Saturday, July 13, 2013

The "Plexiglass Effect" In Politics

Many years ago, back when Bill James began publishing his Baseball Abstracts, he wrote in one of them about what he called "the plexiglass effect."  This referred to the case of a play who statistically overachieved in one season, then underachieved the following season and thereby brought his overall statistical performance back to where it had been before either season.  In effect, the player's statistical performance "snapped back" like a piece of plexiglass that had been bent too much in one direction.

I've thought for some time that their is something of a "plexiglass effect" in our nation's politics--or, at least, the application of the Newtonian principle that "for every action, there is an equal and opposite reaction."  The New Deal era gave way to the Eisenhower-Nixon-McCarthy era, which in turn gave way to the liberal explosion in the 1960s, which generated a backlash into Nixon and Reagan ... well, you get the idea.  It is why, when you graph progressive progress (and human progress generally, outside of politics), you end up with a jagged line rather than a straight one.
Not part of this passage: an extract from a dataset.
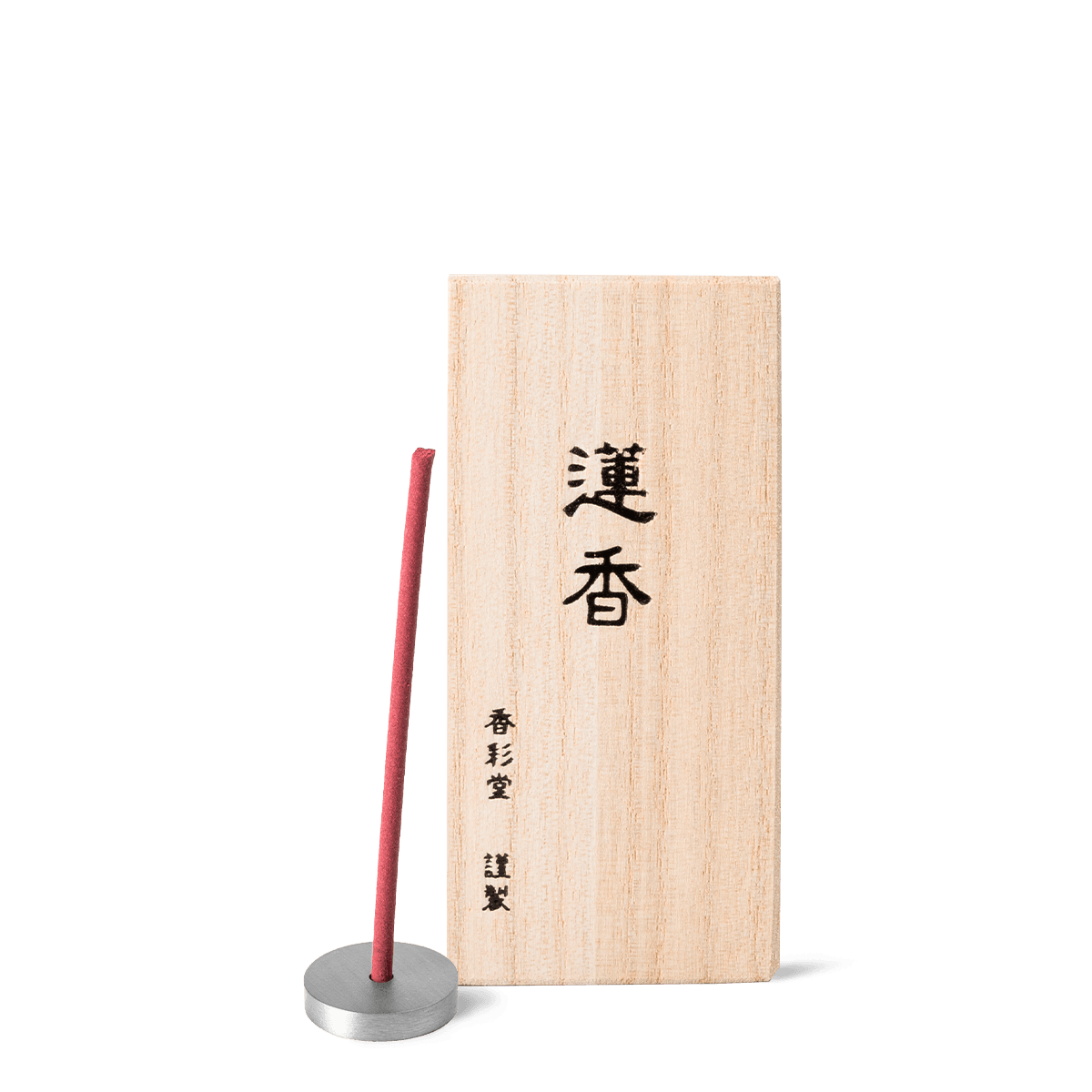 Kousaido Lotus Japanese incense sticks with soft floral aroma – calming lotus fragrance for meditation, relaxation, and home use - Sensing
What's the relevance of all of this today?  Simply this.  The past twenty-five years in our national politics has seen a slow but steady march toward the left--two Democratic Presidents, three additional Democratic justices on the Supreme Court, and a Congress that has see-sawed between the parties but still managed to enact major reforms in health care and financial regulation.  And make no mistake:  it has made the other side mad as hell.  Which is why they have used the short-term advantage we gave them in 2010 by staying home to push us back as hard as they can on every issue--abortion, gun control, climate change, worker's rights, you name it.
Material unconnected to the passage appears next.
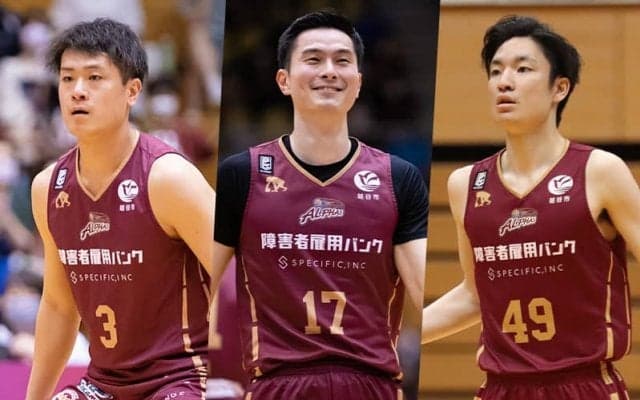 越谷アルファーズが飯田鴻朗ら3選手の契約継続を発表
But they are doing this in the face two overwhelming Democratic victories in the past three national elections, betting that somehow, the "failure" of Obamacare will solve all of their political problems.  It is the only card they have to play.  And what if it isn't theirs to play in the end?  What if (as I think) Obamacare isn't the massive failure they expect it to be?  What if the so-called "passion gap" isn't closed against them by their own actions in outraging women, minorities, union workers, environmentalists--in short, the real majority in today's politics?

The harder they push in one direction, the harder the backlash will be against them in 2014 and beyond.  If I were a Republican (I should be so unlucky), I'd worry about the great big slap in the face I'm going to get when the political plexiglass snaps back from the other direction--the one toward which the American people are marching.